We actually could write a pattern that would break everything up on commas, but it would need some very advanced features of the regular expression library. Instead, let's use another basic function, re.split, to separate multiple labels. re.split does the same thing as string.split, but unlike its simpler cousin, it breaks things up everywhere that a pattern matches.

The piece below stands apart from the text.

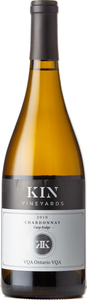 Kin Vineyards Carp Ridge Chardonnay 2019, VQA Ontario Bottle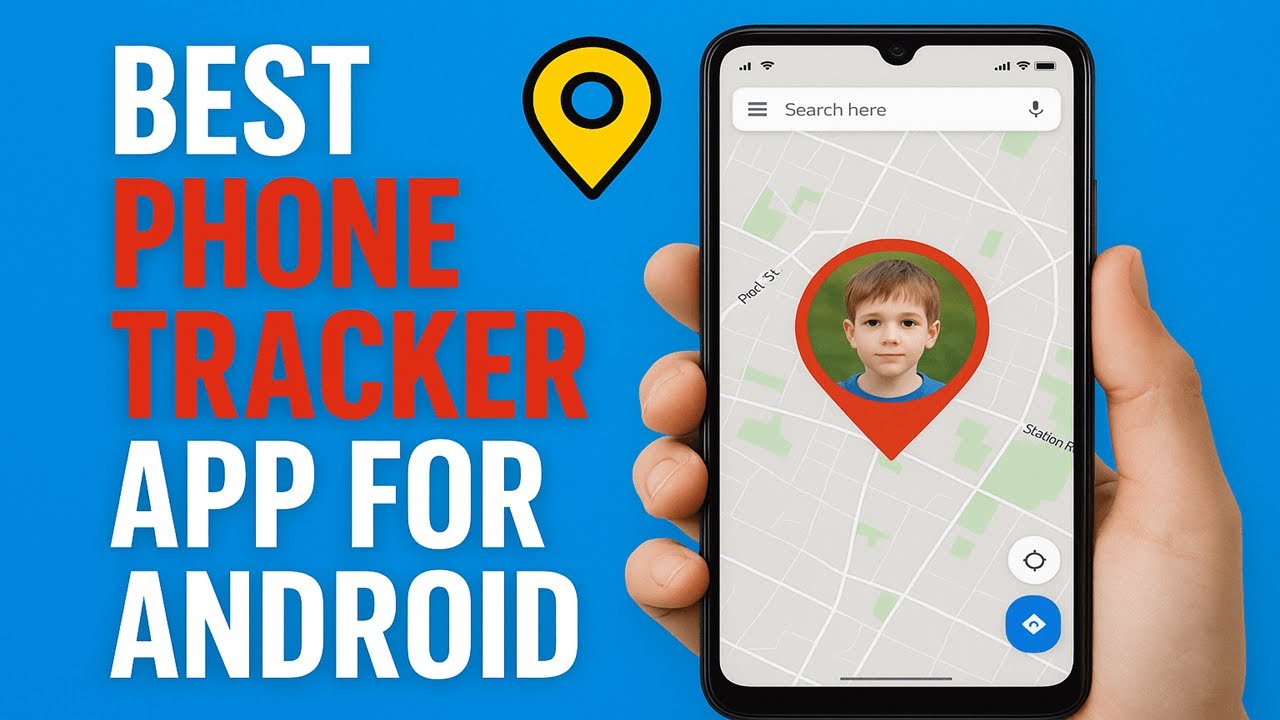 5 Best Phone Tracker Apps for Android (2026) &ndash; GPS & Location Tracking Made Easy!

The best way to show how it works is to write the function we originally set out to create. Let's start with a skeleton that includes some test data, a function that does nothing (but doesn't just fail), and a couple of lines that call that function and display the result:

def get_citations(text):
    '''Return the set of all citation tags found in a block of text.'''
    return set() # to be done

if __name__ == '__main__':
    test = '''\
Granger's work on graphs \cite{dd-gr2007,gr2009},
particularly ones obeying Snape's Inequality
\cite{ snape87 } (but see \cite{quirrell89}),
has opened up new lines of research.  However,
studies at Unseen University \cite{stibbons2002,
stibbons2008} highlight several dangers.'''

    print get_citations(test)

set([])

Now let's write our function. For readability's sake, we'll put our patterns at the top and give them memorable names. Inside the function, we'll pull out all the citations using the first pattern, then split each result everywhere there's a comma with optional spaces before or after it. We'll stuff all the results into a set, and return that. If no matches were found, that set will be empty.

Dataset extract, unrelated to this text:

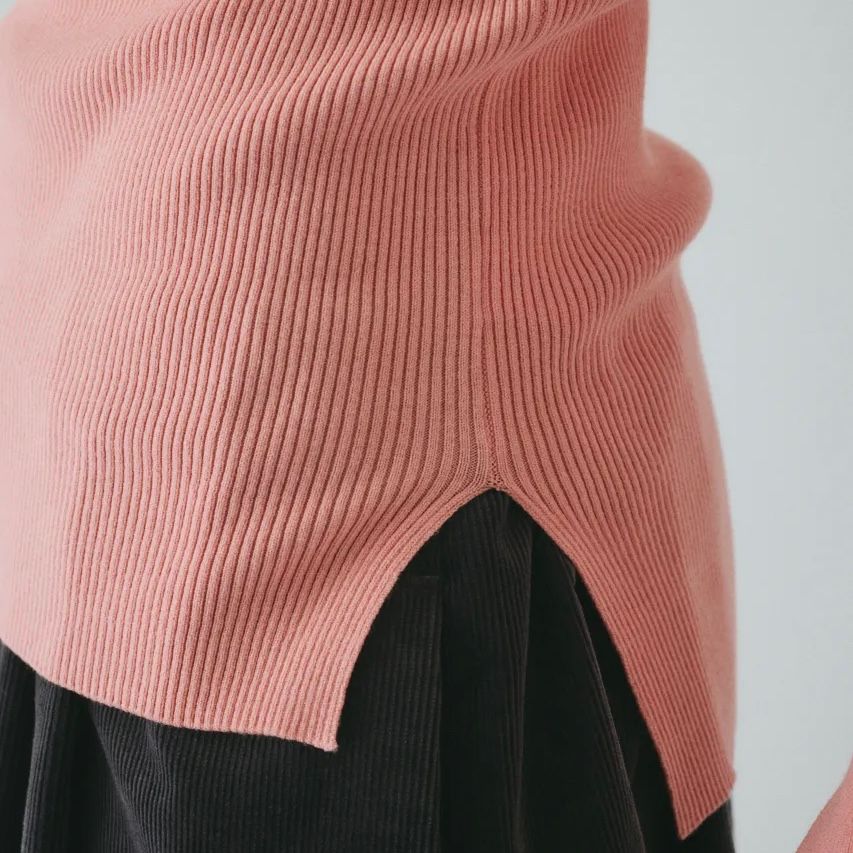 【残り一点】Bicolor Cuff Frill Tops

p_cite = 'cite{\\s*\\b([^}]+)\\b\\s*}'
p_split = '\\s*,\\s*'

def get_citations(text):
    '''Return the set of all citation tags found in a block of text.'''

    result = set()
    match = re.findall(p_cite, text)
    if match:
        for citation in match:
            cites = re.split(p_split, citation)
            for c in cites:
                result.add(c)

    return result

We can use one more trick from the regular expression library to make this function more efficient. Instead of turning the regular expression into a finite state machine over and over again, we can compile the regular expression and save the resulting object:

p_cite = re.compile('cite{\\s*\\b([^}]+)\\b\\s*}')
p_split = re.compile('\\s*,\\s*')

def get_citations(text):
    '''Return the set of all citation tags found in a block of text.'''

    result = set()
    match = p_cite.findall(text)
    if match:
        for citations in match:
            label_list = p_split.split(citations)
            for label in label_list:
                result.add(label)

    return result

That object has methods with the same names as the functions we've been using from the library, like search and findall, but if we're using the same pattern over and over again, compiling it once and re-using the compiled object is much faster.

As you can see, the changes required are very small: instead of saving the textual representations of our expressions, we compile them, and then instead of calling the top-level functions from the regular expression library, we call the methods of those saved objects. The result is a set of all the citations in our test data, pulled out with just a dozen lines of code:

if __name__ == '__main__':
    test = '''\
Granger's work on graphs \cite{dd-gr2007,gr2009},
particularly ones obeying Snape's Inequality
\cite{ snape87 } (but see \cite{quirrell89}),
has opened up new lines of research.  However,
studies at Unseen University \cite{stibbons2002,
stibbons2008} highlight several dangers.'''

    print get_citations(test)

set(['gr2009', 'stibbons2002', 'dd-gr2007', 'stibbons2008',
     'snape87', 'quirrell89'])

Finally, if we are going to compile our regular expressions, we can make them even easier to understand by using verbose mode to add comments. Verbose mode tells Python to ignore whitespace and comments in the regular expression, which lets us write patterns like this:

p_cite = '''
    cite{          # start with literal 'cite{'
    \\s*           # then some optional spaces
    \\b            # up to a start-of-word boundary
    ([^}]+)        # then anything that isn't a closing '}'
    \\b            # then an end-of-word boundary
    \\s*           # and some more optional spaces
    }              # and the closing '}'
'''
matcher = re.compile(p_cite, re.VERBOSE)

Documenting patterns like this makes them much easier to fix and extend.